Directions for this task: Output, word for word, each line from the one with "Anak Kecil Yang" through the end of the listing below, excluding every picture.

Provided material:
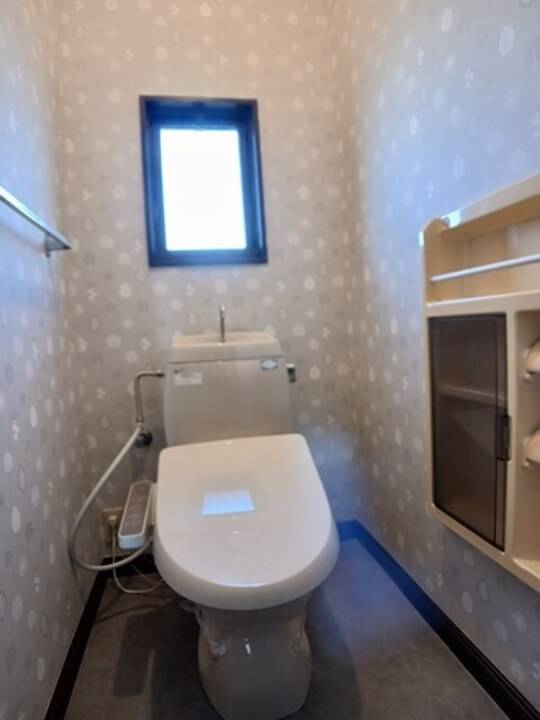 トイレ　トイレ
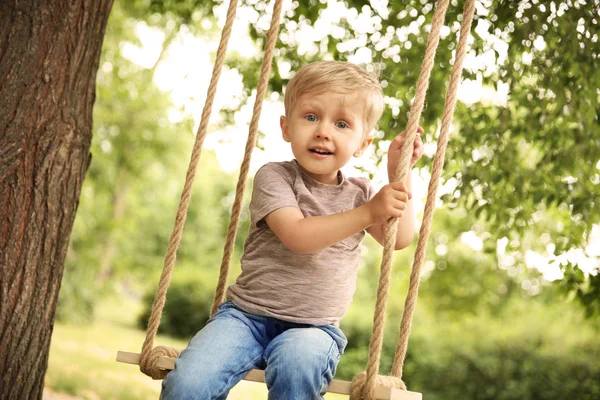 Anak Kecil Yang Lucu Bermain Ayunan Taman — Stok Foto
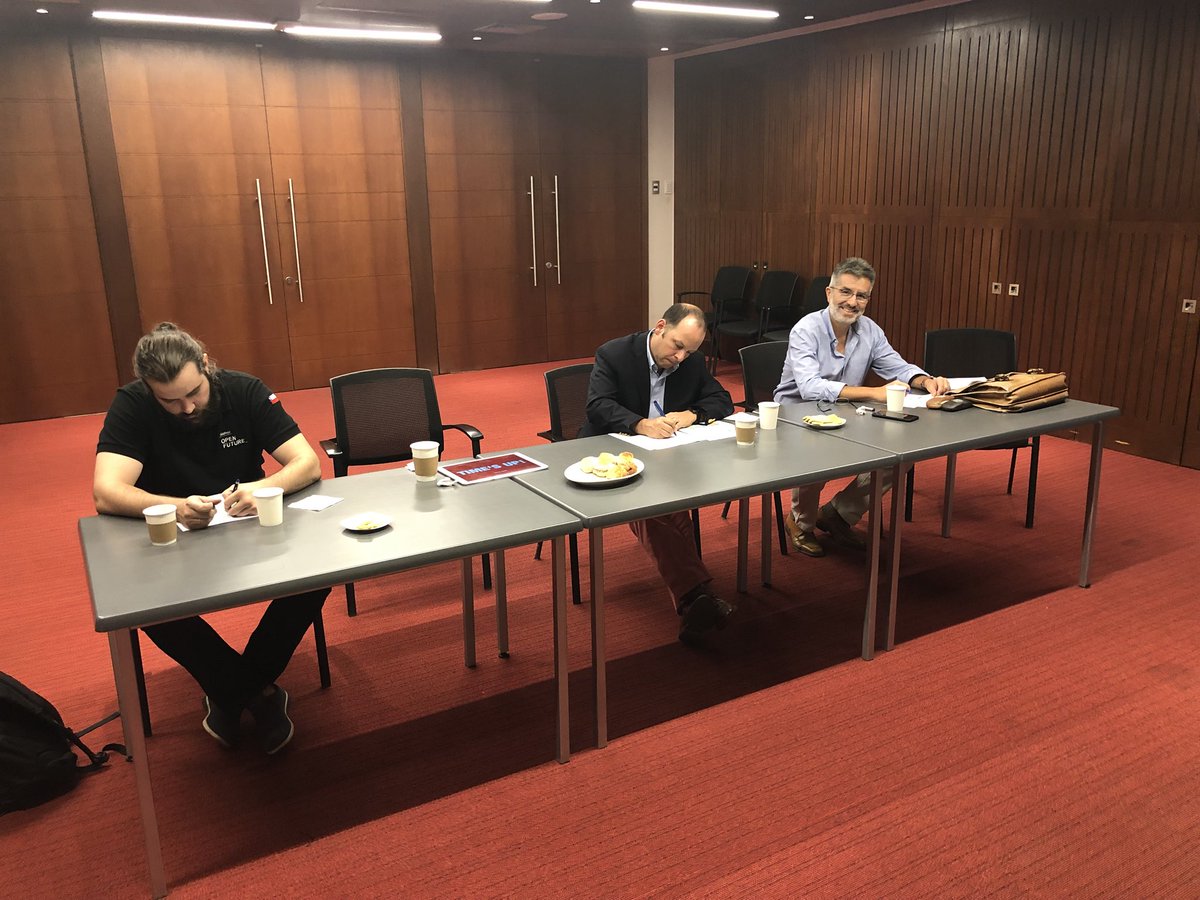 Hoy un lujo de Mentores evaluando los proyectos acelerados, de cara a la recta final de Founder Institute. <a href="/roberto/">◤✠◢ 𝚅𝚊𝚜𝚌𝚘 𝚍𝚊 𝙶𝚊𝚖𝚊 ◤✠◢</a> musso, Juan Pablo O’Ryan y <a href="/Peproll/">Pepe Pascual</a>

Finished exercise:
 Anak Kecil Yang Lucu Bermain Ayunan Taman — Stok Foto
 Hoy un lujo de Mentores evaluando los proyectos acelerados, de cara a la recta final de Founder Institute. <a href="/roberto/">◤✠◢ 𝚅𝚊𝚜𝚌𝚘 𝚍𝚊 𝙶𝚊𝚖𝚊 ◤✠◢</a> musso, Juan Pablo O’Ryan y <a href="/Peproll/">Pepe Pascual</a>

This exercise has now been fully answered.